Backdoor Account Found in D-Link DIR-620 Routers (bleepingcomputer.com)
Catalin Cimpanu, writing for BleepingComputer: Security researchers have found a backdoor account in the firmware of D-Link DIR-620 routers that allows hackers to take over any device reachable via the Internet. Discovered by Kaspersky Lab researchers, this backdoor grants an attacker access to the device's web panel, and there's no way in which device owners can disable this secret account. The only way to protect devices from getting hacked is to avoid having the router expose its admin panel on the WAN interface, and hence, reachable from anywhere on the Internet.

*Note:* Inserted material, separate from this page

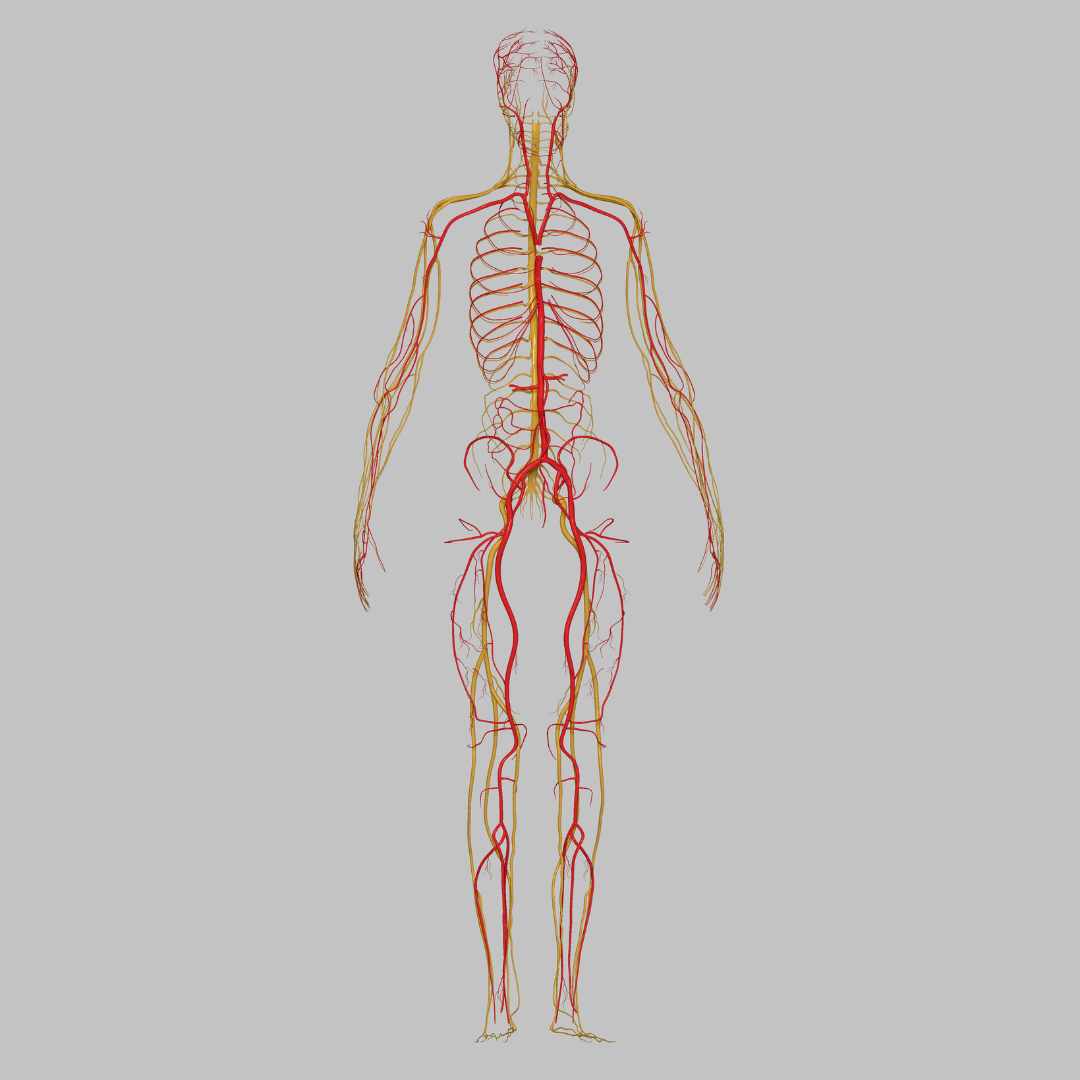 Vagusnerven er nøkkelen til et balansert nervesystem og et sunt sexliv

Why would anyone still buy anything from D-Link or e.g. Cisco?
With their stuff, backdoors are not the exception but mandatory feature for every device they sell. 2013, 2016, now.

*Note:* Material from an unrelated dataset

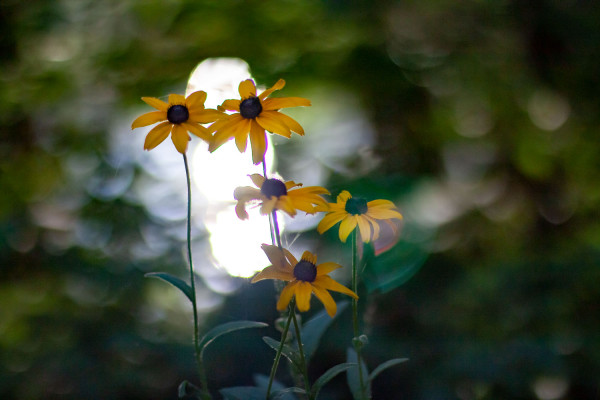 Marguerites (tache de lumière)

https://www.theregister.co.uk/... DIR-100, DI-524, DI-524UP, DI-604S, DI-604UP, DI-604+ and TM-G5240" maybe more.
https://thehackernews.com/2016... DWR-932 B
So, sure once maybe it's an error or oversight. But the number of backdoors with pretty much all router manufacturers, from low end cheapo consumer D-Link to usurious Cisco plated with gold stuff, shows it's not an oversight but pretty much deliberate. Both manufacturers are only examples here. All of them have similar holes several times over the last few years, repeatedly. Or they are too incompetent to be allowed to design and then sell anything to the public.